Under a fixed trust, each beneficiary has a set interest in the trust which will vest once conditions are met. The beneficiaries’ interests may be contingent upon some external event, or they may be a right to the property outright. The beneficiaries’ interests are fixed in that the interest is only subject to the terms of the deed, and if those are satisfied then the interest will vest, as opposed to subject to the decisions of the trustee, as per a discretionary trust.
In a discretionary trust, the beneficiaries do not have any fixed interest or specific right to the trust property, but rather the trustee has discretion about when and how the beneficiaries will receive an interest. One example is a family trust which has a significant number of beneficiaries. The settlor may not wish to establish fixed interests in the trust as a beneficiary with a fixed interest could require the trust to distribute the trust property on election. This could cause significant disruption and subsequent detriment to the other beneficiaries in circumstances where the trust property is either a business or other type of illiquid asset acquired as part of a long term financial strategy.
Additionally, distributions from the trust may give rise to taxation liabilities which undermine other tax minimisation strategies being employed by one or more of the beneficiaries.
The general rule is that all trusts are required to have an identifiable person(s), or a class of persons, in order to meet the formal requirements for a trust. However, charitable trusts are an exception to this rule. A charitable trust does not have any set beneficiaries, but rather has an express charitable purpose that falls within one of four categories:
In addition to falling within one of the four categories, a charitable trust must also be available to the public. A charitable trust will be available to the public if it is “for the benefit of the community or of an appreciably important class of the community” as per Verge v Somerville  AC 496 at 499. If the class of beneficiaries are linked by blood, contract, family association membership or employment then that class will not be consider to be the public for the purposes of establishing a valid charitable trust.
A valid charitable trust may be eligible for significant taxation concessions from the Australian Taxation Office, as well as the respective state authorities. Due to the significant nature of those concessions, there is a high incentive for exploitation of charitable trusts by unscrupulous members of the public. As such, charitable trusts are commonly subjected to a high level of scrutiny before they are granted those concessions.

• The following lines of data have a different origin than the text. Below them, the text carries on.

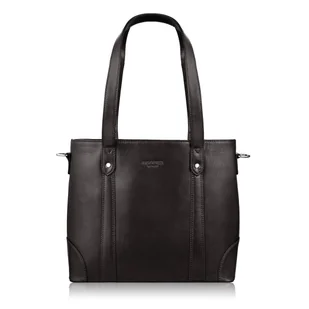 Torebka damska skórzana na ramię brązowa pojemna modna shopper bag T-41-BR - Torebki damskie Torebka damska skórzana na ramię brązowa pojemna modna shopper bag T-41-BR - Torebki damskie - miniaturka - grafika 1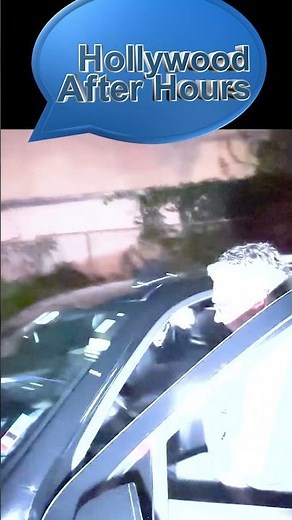 Madonna sneaks out the back of Delilah in LA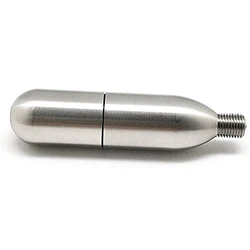 Cartouche de Co2 Rechargeable avec filetage, 16G, pour Soda/bière/jus, gonfleur de Co2, réutilisable 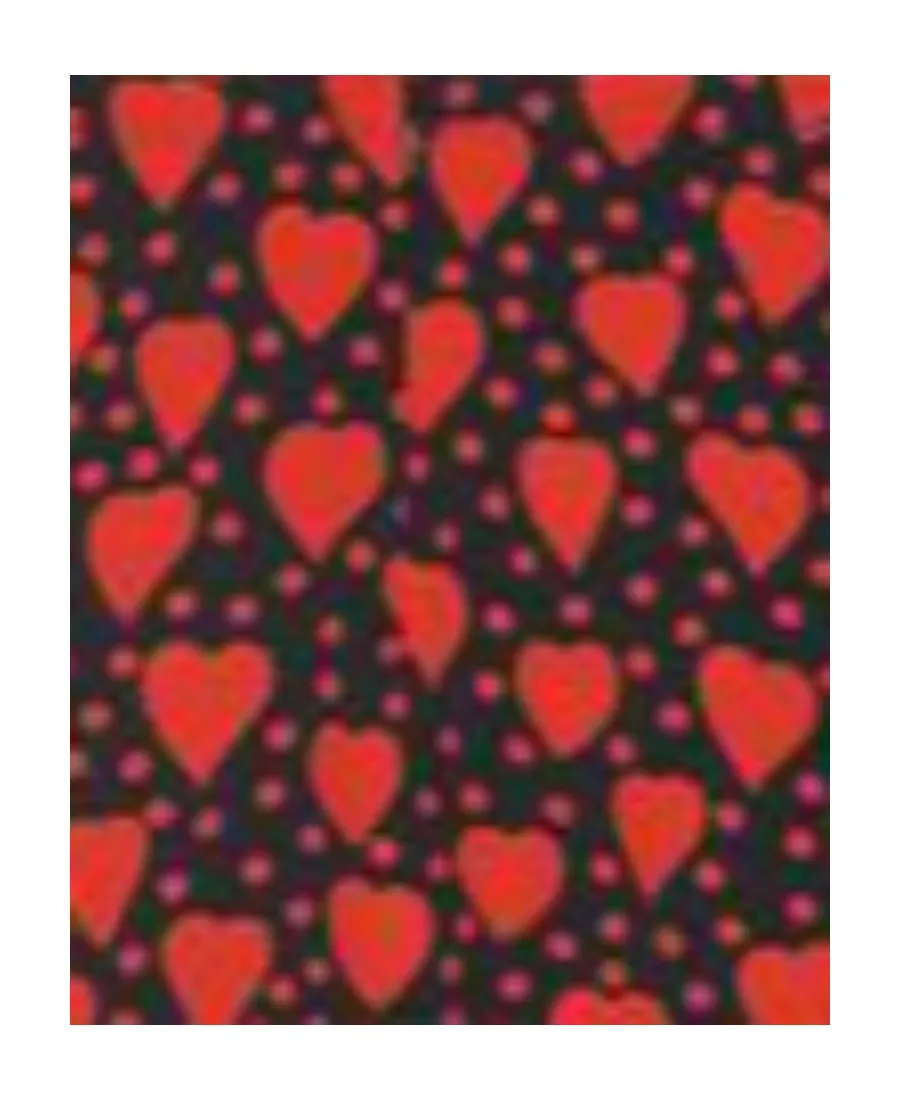 Heart-Print Mini Skirt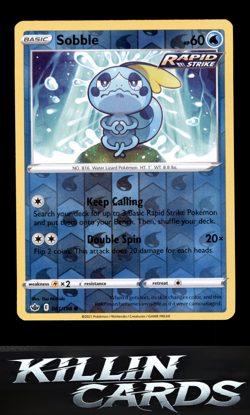 Reverse Holofoil Sobble 041/198 Pokemon Common SWSH06: Chilling Reign Card NM - Image 1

A testamentary trust only differs from other forms of trust in that the trust property must be gifted from the estate of a deceased under a will. The terms of the testamentary trust can provide a wide range of different aspects of the trust, and may provide for either fixed or discretionary interests, with differing levels of obligations on the trustee. In rare situations, a testamentary trust may also be a charitable trust. Testamentary trusts are most commonly utilised to provide for minors under the will, where the testator wishes to impose conditions on the use of those funds by the trustee for the beneficiary. Additionally, testamentary trusts can provide taxation benefits for the beneficiary in certain circumstances.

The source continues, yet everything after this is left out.